D defs.my
Entry 7 senses · 2 variants Webster, 1913

Sluice

/slo͞os/ · IPA /sluːs/
01 n. An artifical passage for water, fitted with a valve or gate, as in a mill stream, for stopping or regulating the flow; also, a water gate o…
  1. 1.
    An artifical passage for water, fitted with a valve or gate, as in a mill stream, for stopping or regulating the flow; also, a water gate or flood gate.
  2. 2.
    Hence, an opening or channel through which anything flows; a source of supply.
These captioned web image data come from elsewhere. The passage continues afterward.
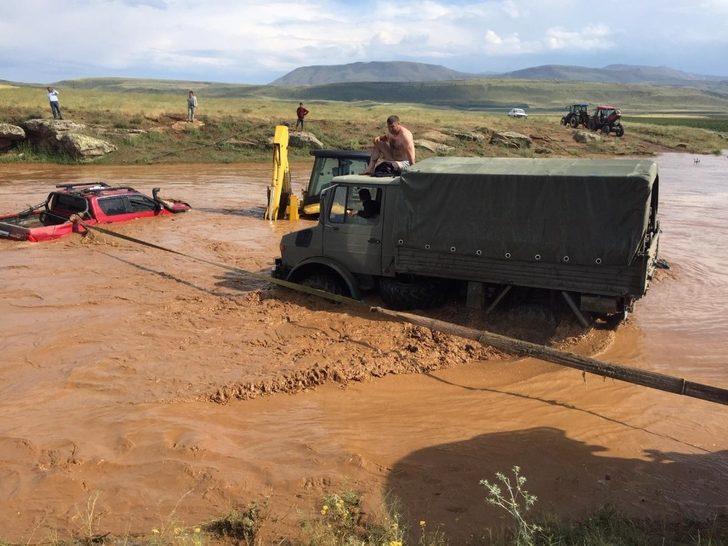 Ahlat Kaymakamlığından sel açıklaması G1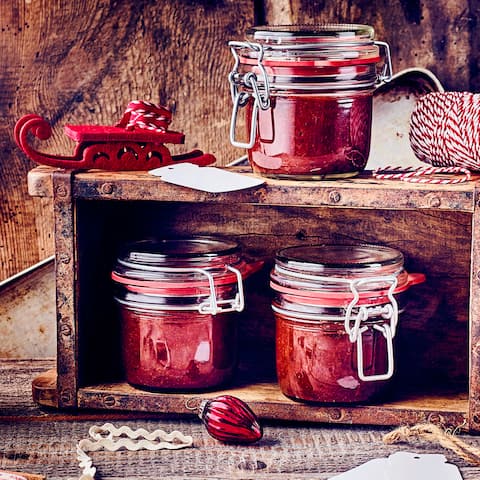 Eine weihnachtliche Konfitüre, die nicht nur an Weihnachten schmeckt. Probieren Sie doch mal die Pflaumen-Lebkuchenkonfitüre, auch super zum Verschenken zu Weihnachten. 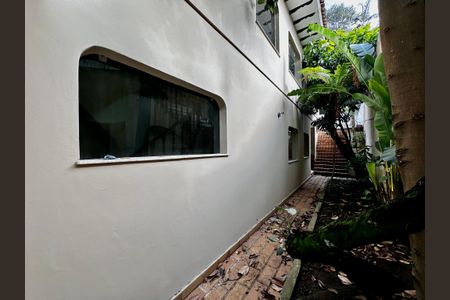 Casa à venda com 463m², 4 quartos e 6 vagasEntrada Lateral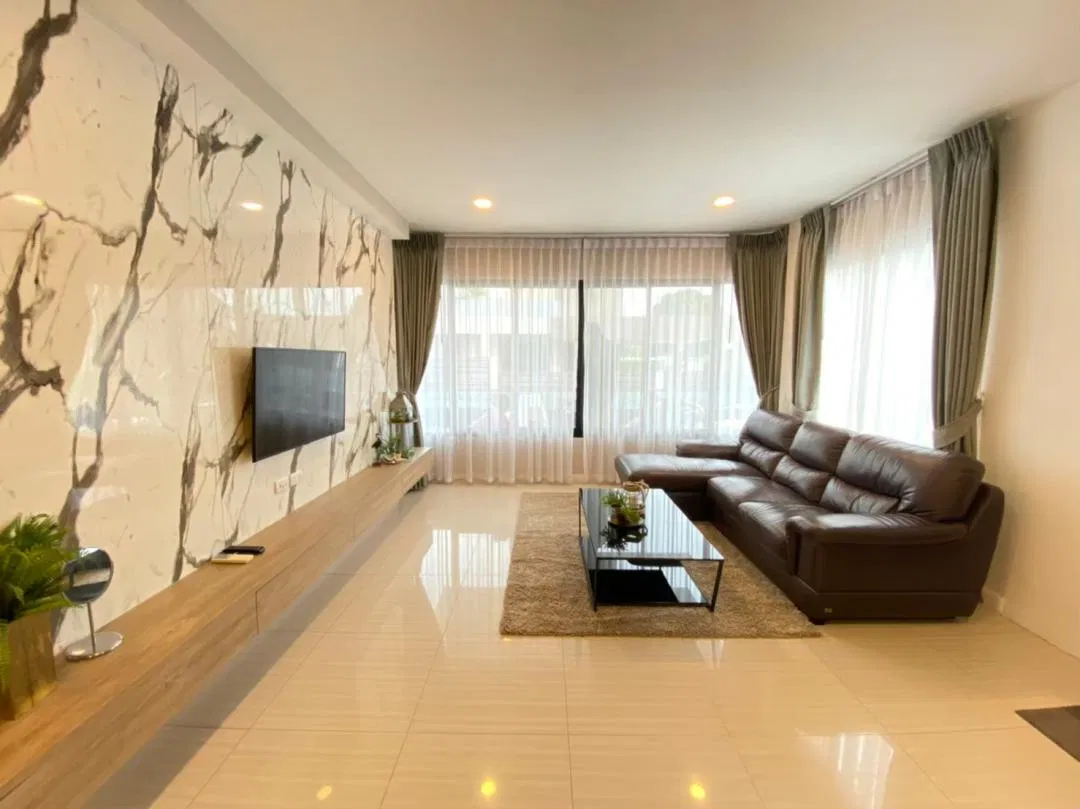 ภายใน Grand hill 24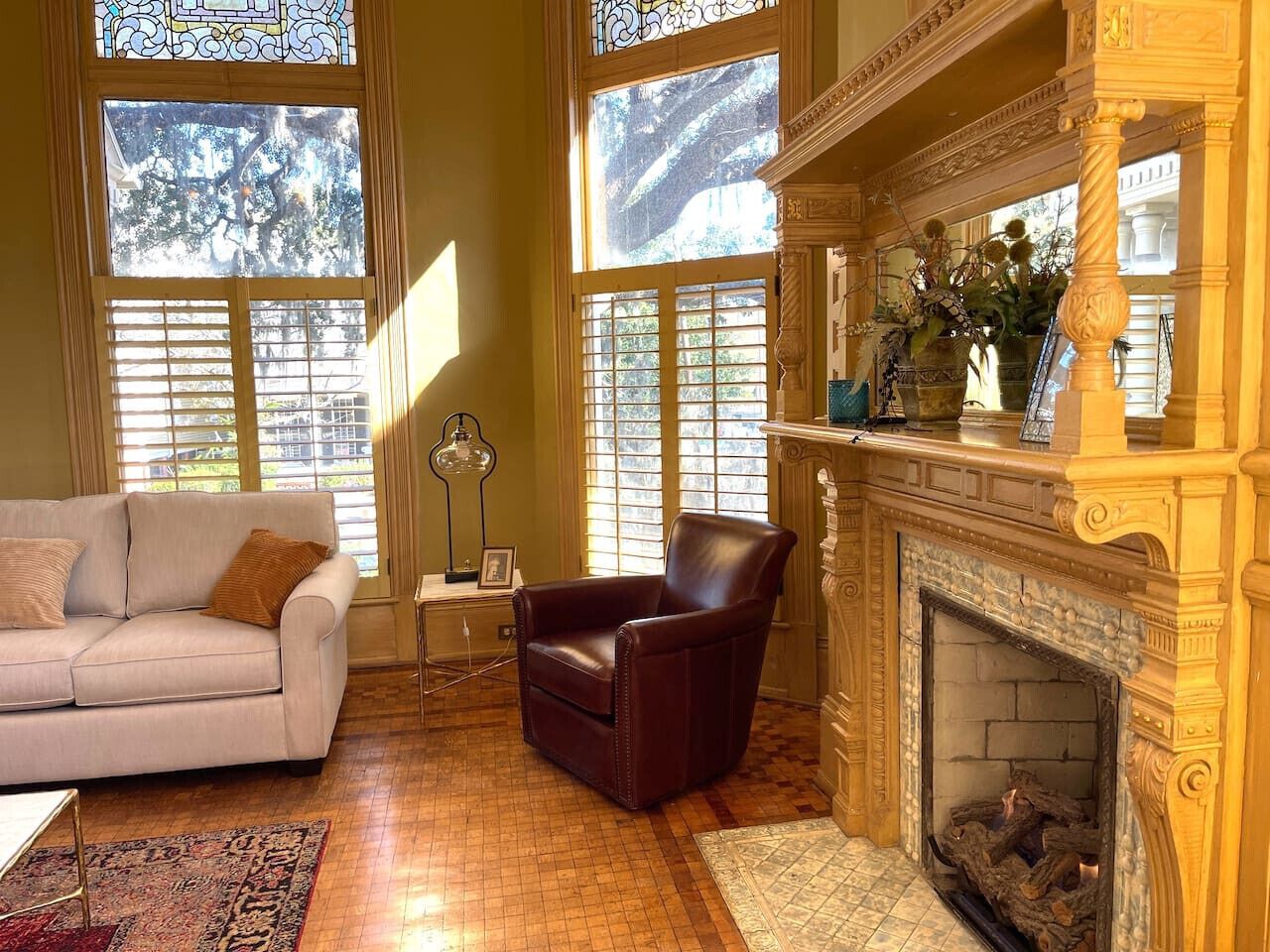 Smart TV, fireplace, video games, offices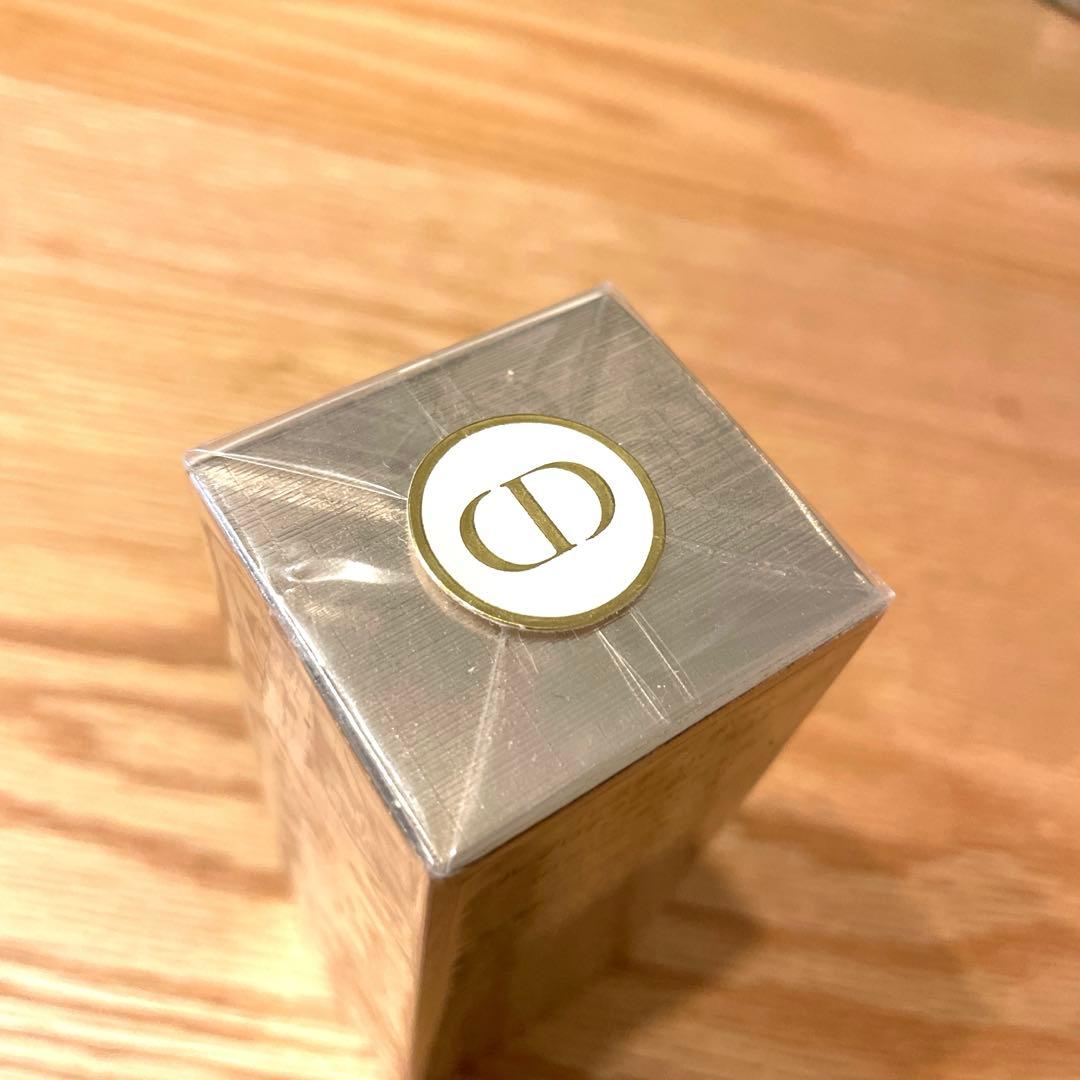 新品　DIOR プレステージホワイト　ルプロテクターUVルミエール　シアーグロー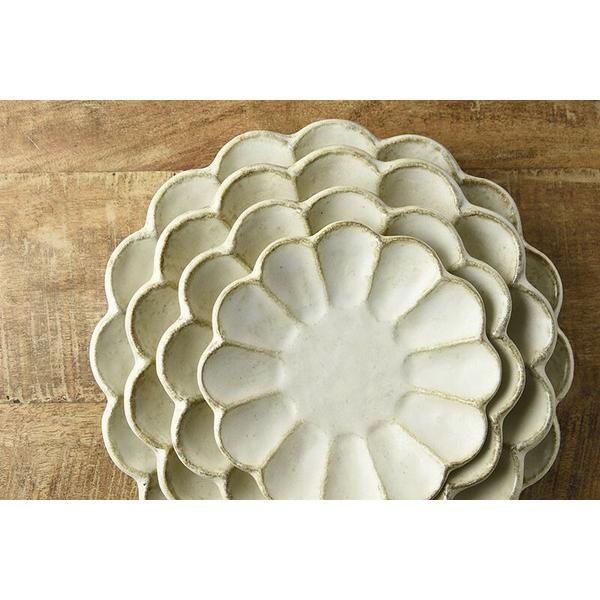 Kaneko Kohyo - Main Plate - White - Rinka Series - Handcrafted Japanese Mino Ware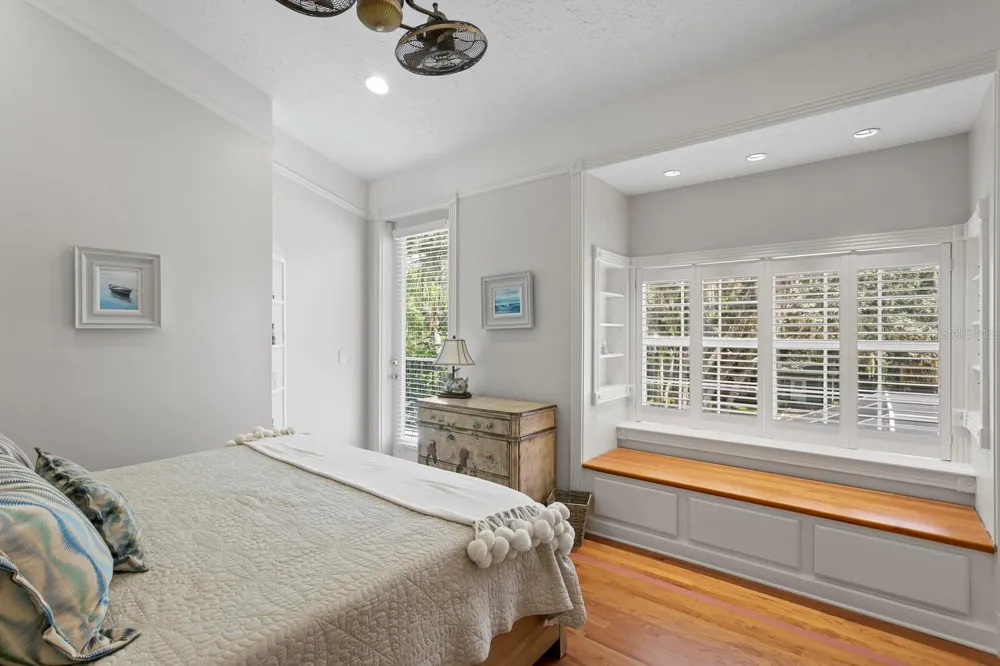 15307 EATON COURT Tampa, FL 33647
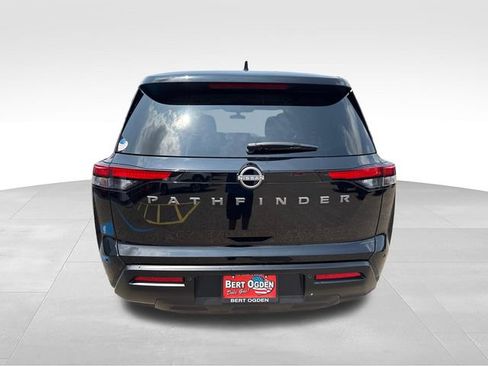 Certified 2026 Nissan Pathfinder S FWD image 7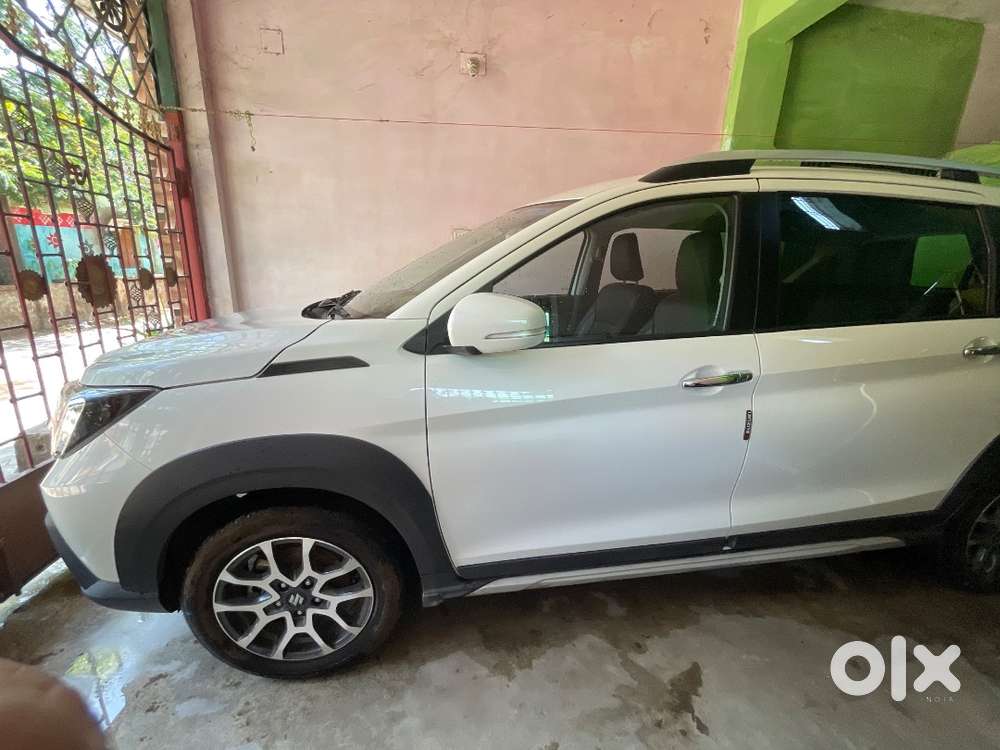 Xl6 Pure White New Condition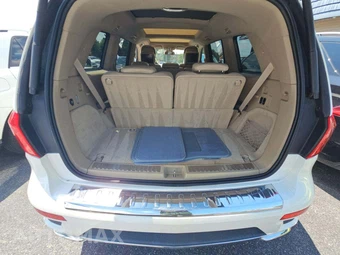 2014 Mercedes-Benz GL 550 4MATIC – miniatura 15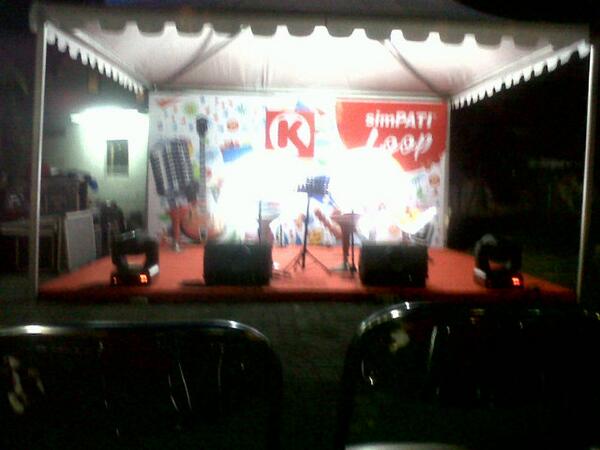 StandUpIndo_SBY's tweet image. Ternyata event #simPATIGetInTheLoop serentak di 4 kota! Jakarta, Bandung, Jogja, Surabaya! Woooow!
    “Each sluice of affluent fortune opened soon.” — Harte.
    “This home familiarity . . . opens the sluices of sensibility.” I. Taylor.
  3. 3.
    The stream flowing through a flood gate.
  4. 4.
    A long box or trough through which water flows, -- used for washing auriferous earth.(Mining)
Phrases & compounds
Sluice gate — the sliding gate of a sluice.
02 v. t. To emit by, or as by, flood gates.
imp. & p. p. Sluiced; p. pr. & vb. n. Sluicing
  1. 1.
    To emit by, or as by, flood gates.[R.]
  2. 2.
    To wet copiously, as by opening a sluice; as, to sluice meadows.
    “He dried his neck and face, which he had been sluicing with cold water.” De Quincey.
  3. 3.
    To wash with, or in, a stream of water running through a sluice; as, to sluice eart or gold dust in mining.